Trireme fans can be an impassioned bunch. In 1975, an article in the The Times of London suggested triremes had been powered primarily by sails. Others vehemently disagreed, setting off one of the longest letter-writing exchanges in the newspaper's history, as engineers, rowers, and classicists poured in their opinions, arguing over possible speeds and the number of levels in the ship.
The debate continues. This month, John Hale, director of liberal studies at the University of Louisville and himself a rower, presented a paper to the Archaeological Institute of America, arguing the Olympias is "quite different" from the triremes of ancient Greece.
Based on his interpretation of evidence, he says the classical ship had only a single mast (the Olympias has two), lighter construction and possibly oars of different lengths.
Despite what he considers its flaws, the reconstruction "is a great achievement," Mr. Hale says. He first encountered the Olympias when it was no more than a section of a ship erected on the lawn of its creator, Cambridge classicist John Morrison. "The oars were pulled through water in a circular plastic swimming pool," he says.
The ship "has had a major impact on the study of Greek history," Mr.
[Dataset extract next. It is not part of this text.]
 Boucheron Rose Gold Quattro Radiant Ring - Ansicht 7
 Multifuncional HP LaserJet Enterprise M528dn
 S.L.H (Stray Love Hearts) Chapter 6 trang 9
Hale says.
Barry Strauss, chairman of the history department at Cornell University, agrees. He has visited the trireme several times for his research—and found it "hot and cramped" and "stinky." He is also a rower, and would jump at the opportunity to join the crew.
"If they gave me the chance to do it," he says, "I wouldn't miss it for anything."
Mr. Hirschler is hoping to recruit an elite crew that can approximate the Athenian feats.
"Ideally you would get 170 fitness fanatics," he says. "I look at [the ship] as a human-powered, waterborne missile that can operate like a jet boat."